- Work instruction:
The response should consist of the data below, copied exactly, with no pictures in it.

(Captioned web images)
+ + +

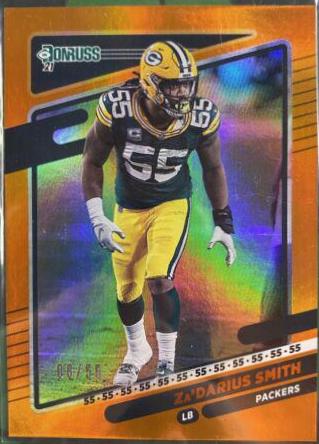 Za'Darius Smith [Jersey Number] #159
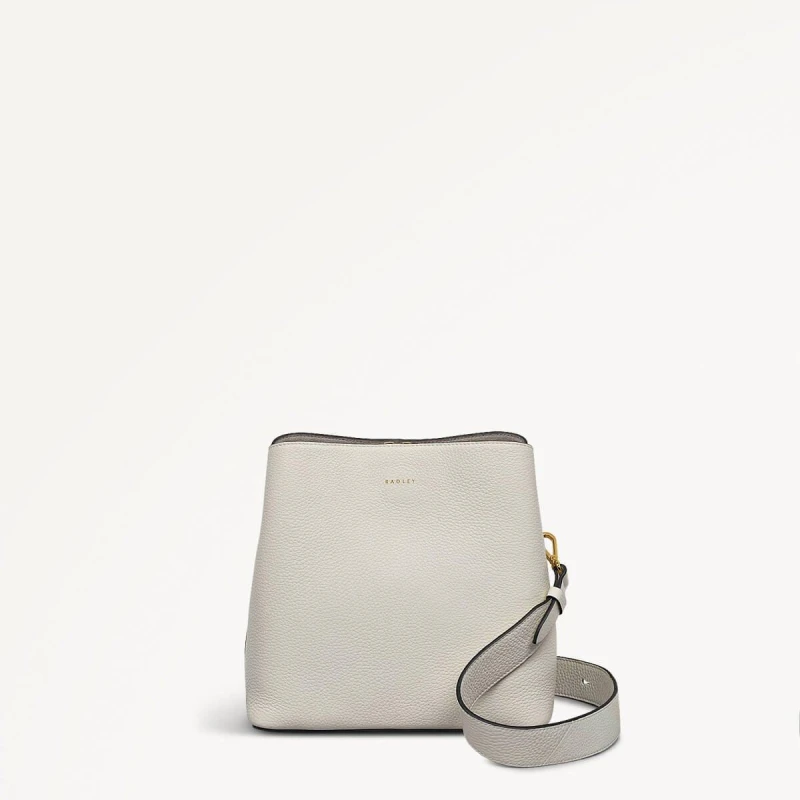 Image of Radley Duke's Place Crossbody Bag - White White One Size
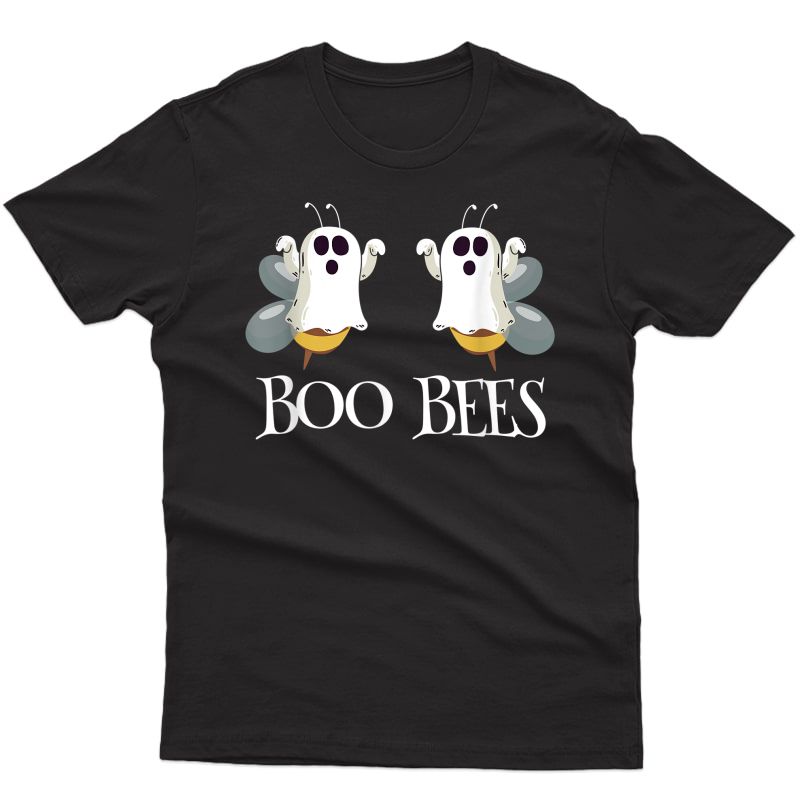 Boo Bees Naughty Halloween Costume Funny Gift T-shirt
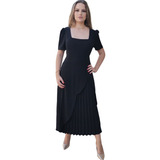 Vestido Longo Longuete Evangelico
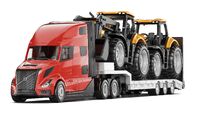 SIKU 1785Volvo Lkw mit JCB Traktoren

+ + +

- Response to this exercise:
 Za'Darius Smith [Jersey Number] #159
 Image of Radley Duke's Place Crossbody Bag - White White One Size
 Boo Bees Naughty Halloween Costume Funny Gift T-shirt
 Vestido Longo Longuete Evangelico
 SIKU 1785Volvo Lkw mit JCB Traktoren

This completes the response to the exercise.